Дмитрий Медведев в выступлении на Мюнхенской конференции по безопасности призвал Запад восстановить каналы коммуникаций с Россией и больше общаться для отражения общих угроз, главной из которых обозначен «международный терроризм и экстремизм». В этом, казалось бы, отличие мюнхенской речи Медведева от мюнхенской речи Владимира Путина в 2007 году, которая запомнилась, прежде всего своим антиамериканским зарядом, предупреждениями об опасностях «однополярного мира» и «односторонних силовых действий» США.
На самом деле выступления органично дополняют друг друга и являются приглашениями к диалогу. Путин предлагал вернуться к практиковавшимся в период холодной войны консультациям Москвы и Вашингтона по ключевым международным проблемам, но исключительно на российских условиях. И, что самое главное, в конструируемой Москвой параллельной реальности, разительно отличающейся от того, что есть на самом деле.
Целевой посыл мюнхенской речи Медведева прост.
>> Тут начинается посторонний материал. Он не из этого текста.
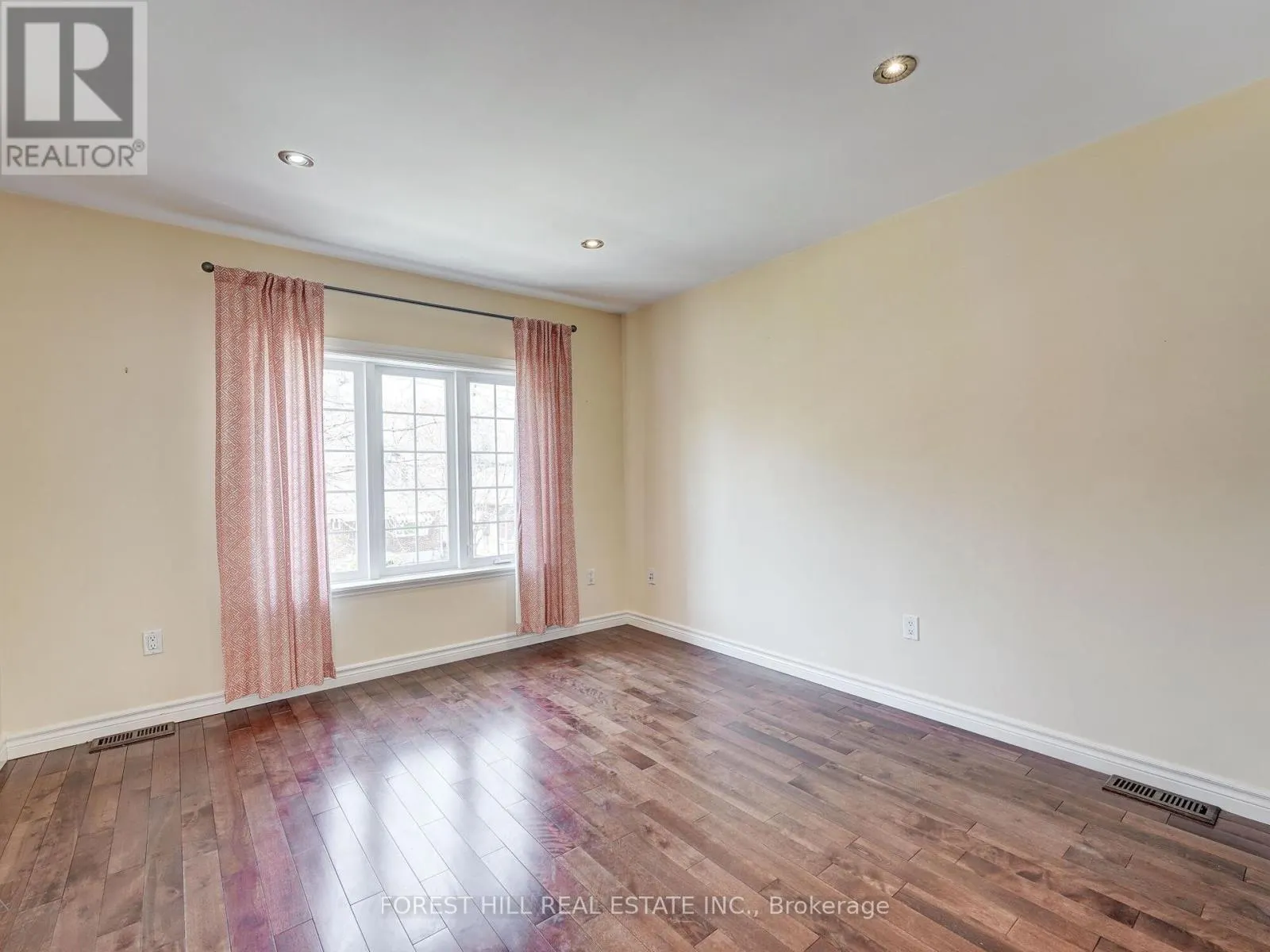 33 ROTHSAY AVENUE E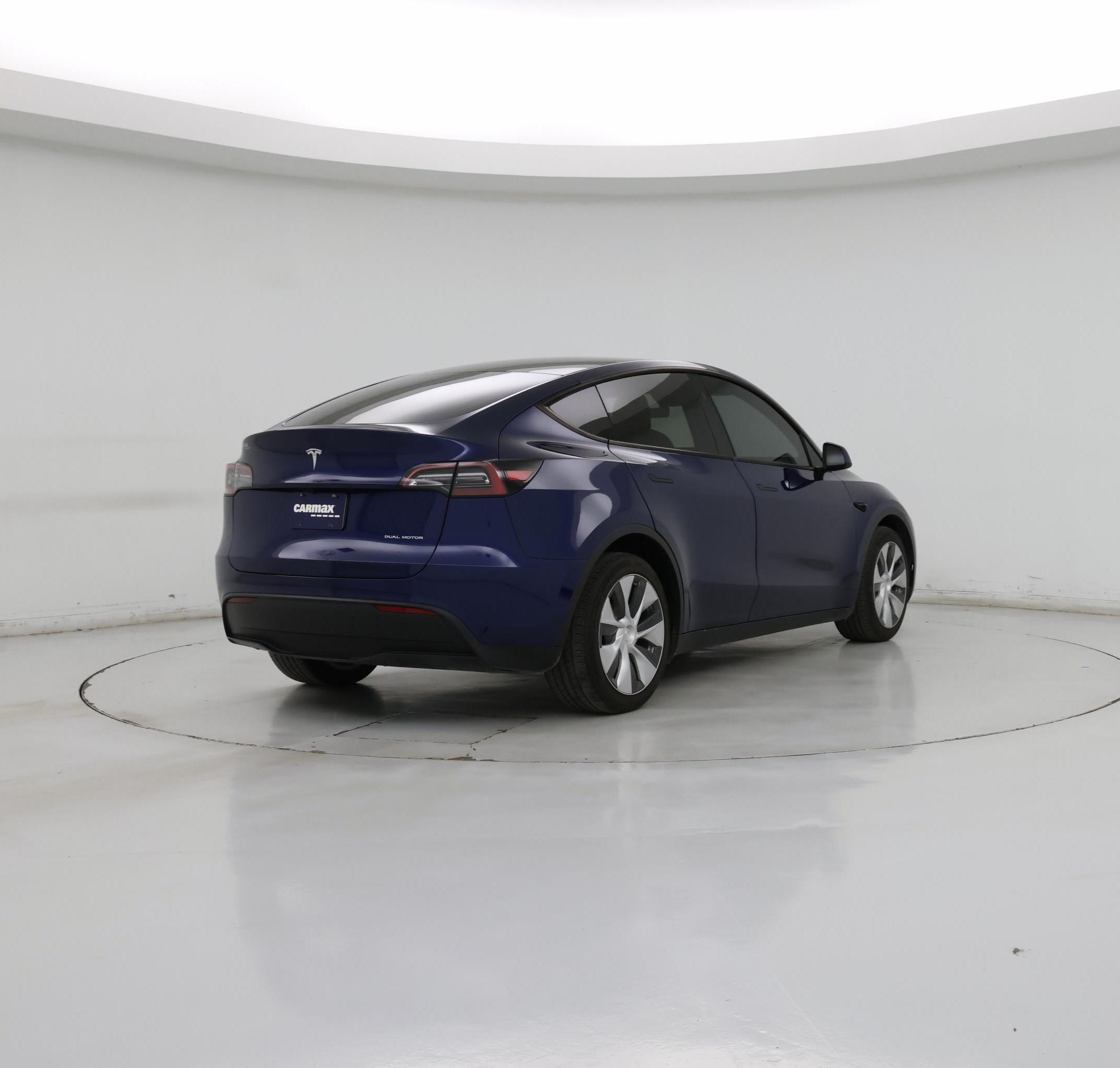 Thumbnail: 2023 Tesla Model Y - 8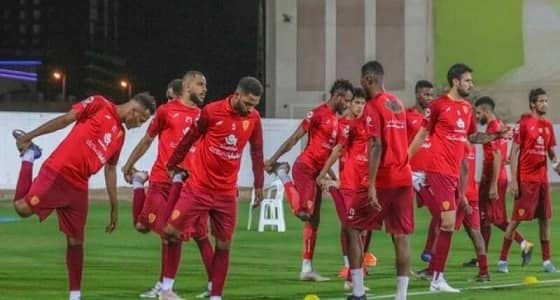 3 أندية تفضل المعسكر الخارجي قبل استئناف الدوري لهذا السبب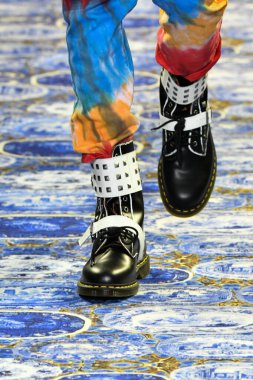 New York Moda Haftası 'nda Libertine için bir model podyumda yürüyor: 11 Eylül 2019' da New York 'taki Spring Studios' taki Galeri II 'deki Gösteriler.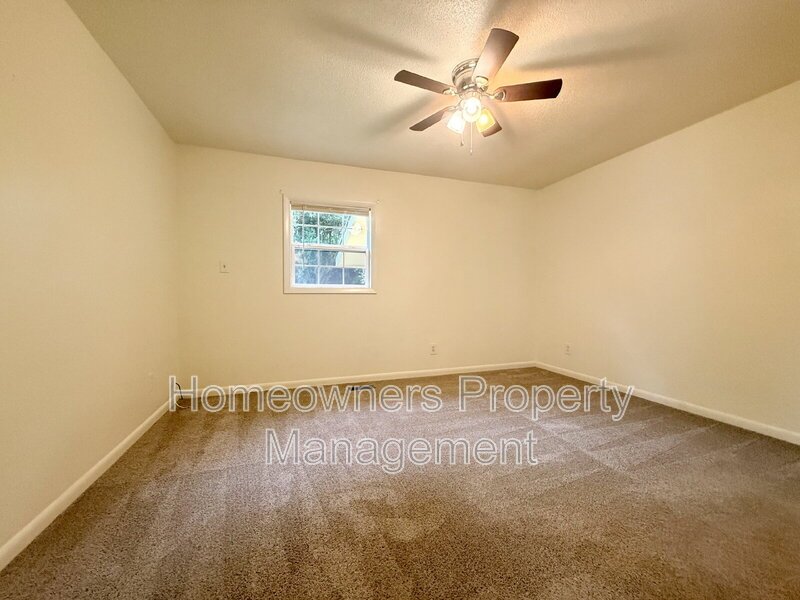 Charming 3-Bed, 2-Bath Haven at 1009 Louisburg Place, Fayetteville! property image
Давайте поступим так, как в 2008 году после российского «принуждения к миру» Грузии: сделаем вид, что в 2014-2015 годах между Россией и Западом ничего драматического не произошло, восстановим все каналы общения и сотрудничества, которые существовали до «крымской заморозки», и снимем все взаимные санкции. Но, как и в 2008 году, Россия в своей политике ничего менять, тем более исправлять не будет.
Бессодержательный диалог
Россия крайне заинтересована в отмене западных экономических санкций («И действительно ли стоят наши противоречия всего этого? Насколько они глубоки? Это всем вам, сидящим в зале, - так нужно, чтобы они были, эти санкции?»), но по внутриполитическим причинам не может себе позволить вести переговоры о том, что надо сделать для их снятия. Для этого потребуется признать ошибочность некоторых российских действий и согласовать механизмы их исправления, что Запад, собственно, и предлагает. Но в нынешних российских реалиях, когда внешнеполитические успехи стали ключевым ресурсом поддержки власти, Москва просто не может признавать внешнеполитические ошибки. Это рассматривается как признак слабости и уступка давлению.
«Слив позиций» в духе «нового внешнеполитического мышления» видится угрозой государственности и путем к повторению «главной геополитической катастрофы ХХ века». Поэтому приходится конструировать и навязывать партнерам параллельную внешнеполитическую реальность, в которой правомерность российских действий не подлежит сомнению. А вся ответственность за нынешнее плачевное состояние отношений возлагается на Запад.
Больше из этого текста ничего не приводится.